BBC News director asks staff to keep the pedophilia crisis to itself

Telegraph | Broadcast | Eyes to the right
BBC News Acting Director Fran Unsworth is drawing the scorn of the Internet Tuesday morning after asking the staff not to tweet or talk publicly about the organization’s ongoing scandals.

“It would be helpful if some of our problems were not played out publically across social media and in the pages of the national press,” Unsworth wrote, according to the Telegraph. “We need a collective and collegiate sense of all pulling together to restore trust in the BBC’s news output.”

The full email was reprinted by Broadcast magazine.

The BBC has been reeling from allegations that leaders looked the other way while TV presenter Jimmy Savile molested hundreds of children. Then BBC News recently aired a report falsely accusing a former politician of child sex abuse.

Mark Detre, the internal communications manager for British telecom company Vodafone, blogged about why Unsworth’s message was “wrong-headed and self-defeating“:

I’ve worked for a few years in Internal Communications, a role which is meant to influence what staff across organisations think and feel. I’ve worked with leaders who want to stop staff talking about certain topics, in the hope that their thoughts, ideas and feelings on that topic will magically disappear.

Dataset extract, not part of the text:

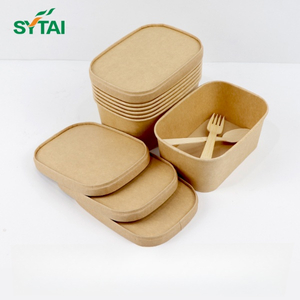 Gama de tazones de papel cuadrados Kraft reciclables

They don’t.

Among the problems with Unsworth’s message, Detre writes, is that “It looks like she’s trying to pointlessly stifle discussion and debate,” and actually “it’s much better to have those conversations playing out in public, rather than in private. … She’s not going to stop the conversations happening — they’ll simply be in hushed pub corners and over dinner tables rather than where she and her staff can see them and respond if needed.”

To their credit, many BBC journalists have been trying to address the story as developments occur.